World Biggest Liquor-Maker’s Stock Jumps on Price Hike Buzz

Kweichow Moutai, the world’s largest spirits maker, has announced its first factory-gate price hikes in more five years, sending its share price rocketing to a record high Friday morning.
State-owned Moutai will increase factory-gate prices across its line of “baijiu” products by 9% to 25%, the company’s chairman Yuan Renguo said at a meeting on Thursday.
The announcement comes just weeks after London-based Diageo Plc., which Moutai usurped as top liquor company earlier this year, announced plans to release a 1,699 yuan ($256) high-end baijiu — a strong, pungent liquor popular at formal banquets across China.
Moutai produced 42,700 tons of basic liquor — which is aged and processed to create products of different qualities — in 2017, 9% more than in 2016, the company said in a separate announcement on Thursday.

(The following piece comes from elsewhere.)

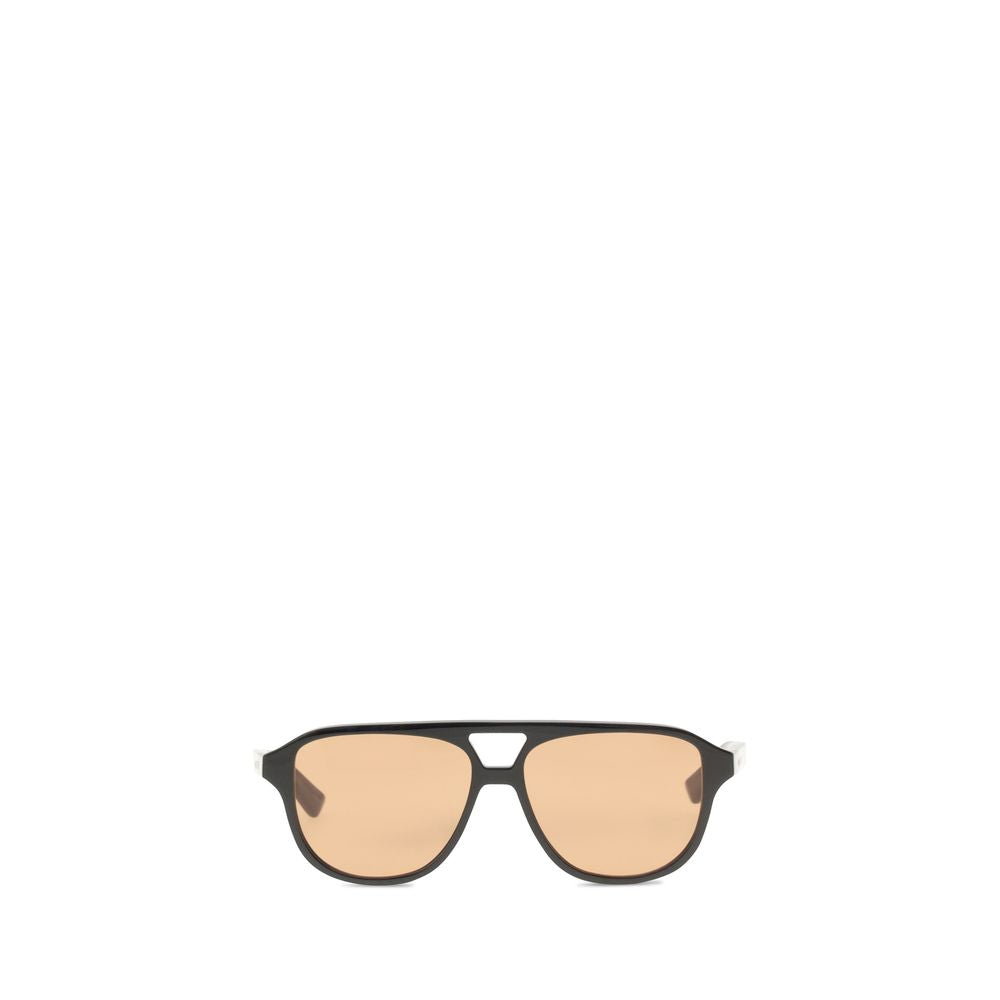 Polished Black Acetate Signature Essentials Sunglasses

It estimates that sales of Moutai products grew 34% from 2016 to 2017, and predicts a 58% profit increase this year.
After Thursday’s announcement, Moutai’s Shanghai-listed shares surged, reaching a record high of 726.50 yuan per share on Friday, before falling slightly by midday.
Yuan said the higher factory-gate prices, which will come into effect on the first day of 2018, will not be accompanied by a similar retail price hike.

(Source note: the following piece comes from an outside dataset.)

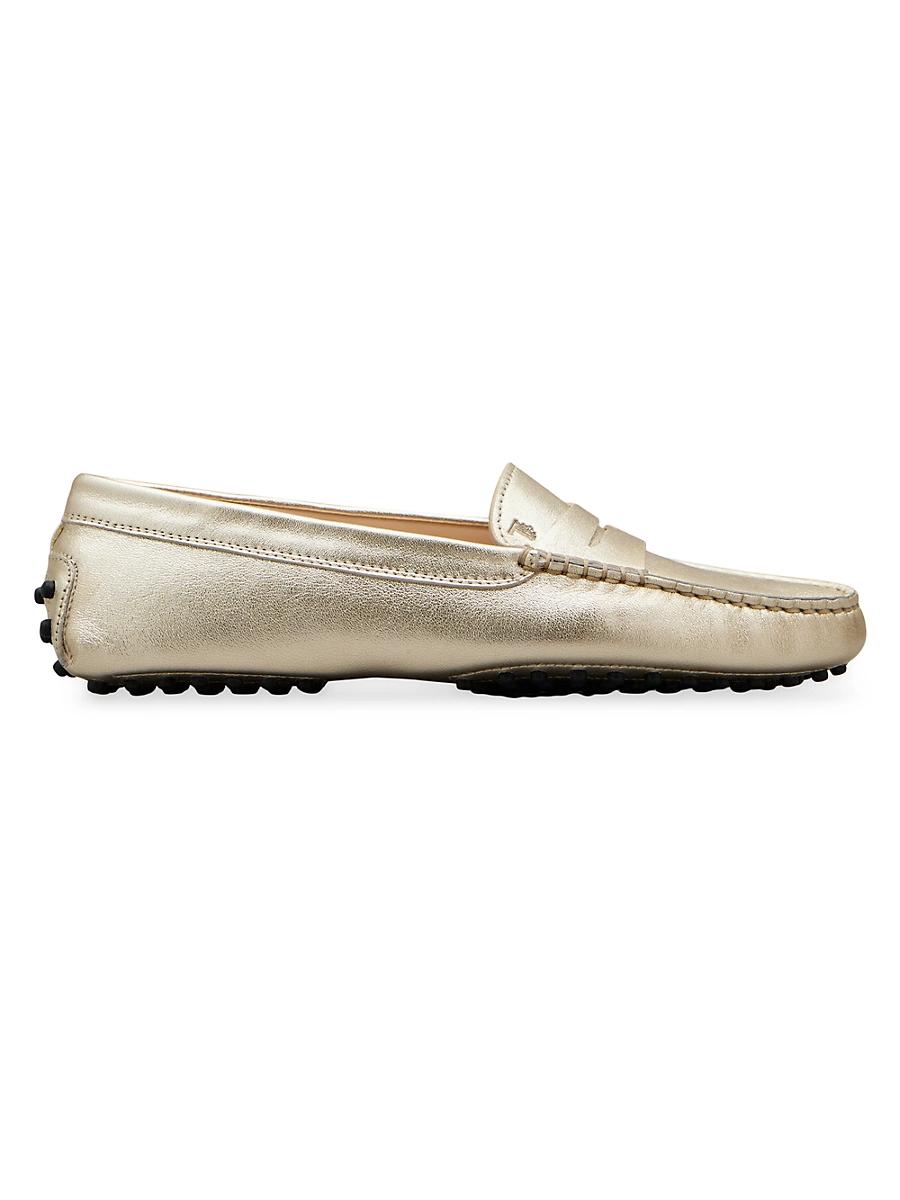 Womens Gommino Patent Leather Driving Loafers Product Image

Moutai’s retail price has been growing since late 2016, even before the announcement of the impending factory-price increases, which are the first since April 2012. Moutai’s signature Feitian liquor retailed for around 800 yuan a bottle in early 2016, but the price hit 1,300 yuan in some regions by April, primarily due to hoarding and scalping by middlemen.
Earlier this year, Moutai’s General Manager Li Baofang held a meeting with retailers where he scolded them for causing Feitian’s price surge, and warned that “whoever causes chaos in the market is smashing their own rice bowl.” At the meeting, the company demanded a written promise from distributors against unauthorized retail price increases.
But the market price of Feitian has continued to rise, driven by supply shortages and increasing demand from China’s booming middle class, reaching 1,600 yuan. Industry insiders expect it to break the 2000-yuan barrier in 2018.
Moutai’s online store has not received any new stock of Feitian in over two months. To meet rising demand in 2017, Moutai increased production of the liquor by 3,000 tons, up from 26,000 tons in 2016. But that has been barely enough to keep up with demand in 2017, according to a report by Huachuang Securities.
On Dec. 6, Moutai announced it plans to invest around 3.5 billion yuan to increase its production capacity.